Piezoelectric surgery versus mechanical drilling for orbital floor decompression: effect on infraorbital hypoaesthesia
Milind N. Naik, Ankita Nema, Mohammad Hasnat Ali & Mohammad Javed AliRead More
Purpose: To compare efficacy and safety of mechanical drill and piezoelectric technology in the prevention of infraorbital nerve hypoaesthesia during orbital floor decompression.
Methods: Single-centre, non-randomized prospective, interventional case series. We enrolled 24 patients who underwent 3-wall orbital decompression. A total of 13 patients underwent floor decompression using 5-mm diamond dusted Piezoelectric tip (Synthes GmbH, Oberdorf, Germany), whereas 11 patients underwent conventional mechanical decompression of the floor using Stryker Core handpiece with 5-mm diamond dusted tip (Stryker, USA) and a Kerrison’s bone ronguer.
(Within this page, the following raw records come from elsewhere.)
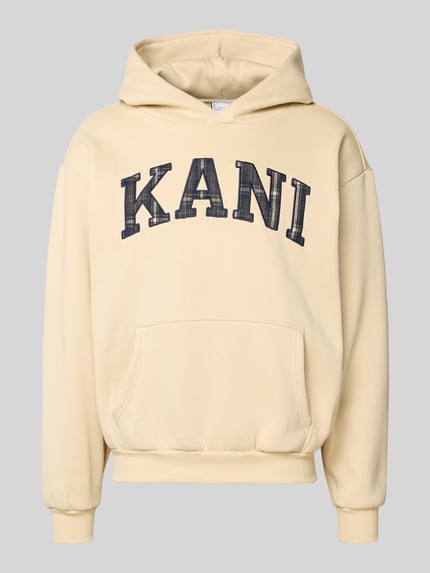 Produktfoto, Hoodie mit Label-Stitching und Känguru-Tasche von KARL KANI aus Baumwoll-Mix, oversized, beige, schwarze Schrift, glatte Textur
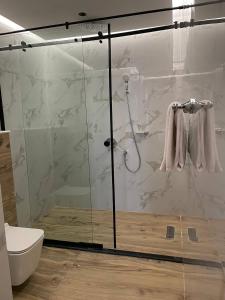 baño con ducha y puerta de cristal en شرفة en Riad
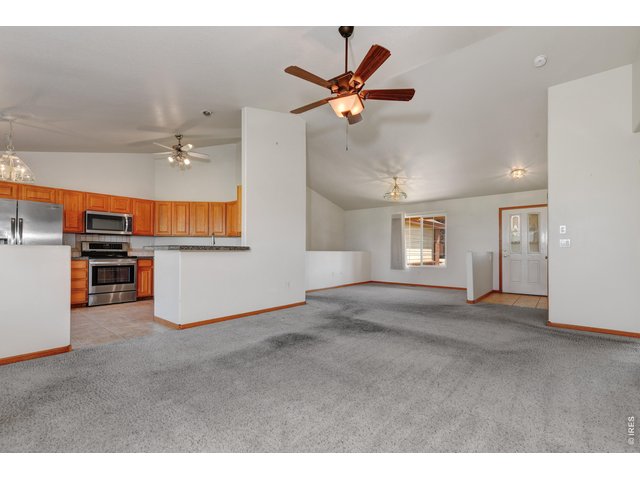 Property Photo 5 Living room- entrance to kitchen - Formal dining area with window to the front yard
All surgeries were performed by a single surgeon (MNN) using standard surgical technique. The infraorbital nerve hypoesthesia was measured pre-operatively, and post-operatively on day 1, at 1 week, 6 weeks, 3 months, and final follow-up by an independent observer. Hypoaesthesia was graded on a simple numerical scale: 0 defined as “normal”, 1 defined as “minimally reduced”, 2 defined as “grossly reduced but perceptible”, and 3 defined as “total loss”.
Results: The average follow-up after surgery was 16 months (range 13–48 months). The average score in the mechanical drilling group at day 1, week 6, week 12 and final follow-up was 1.9, 1.2, 0.7, and 0.6, respectively (p < 0.001). For the Piezo group, the average scores were 0.3, 0.2, 0.1, and 0.1, respectively. No procedure related complications were noted, and the average surgical time for floor decompression was comparable (p > 0.5).
Conclusions: Piezoelectric technology is effective in orbital floor removal by minimizing infraorbital nerve hypoaesthesia.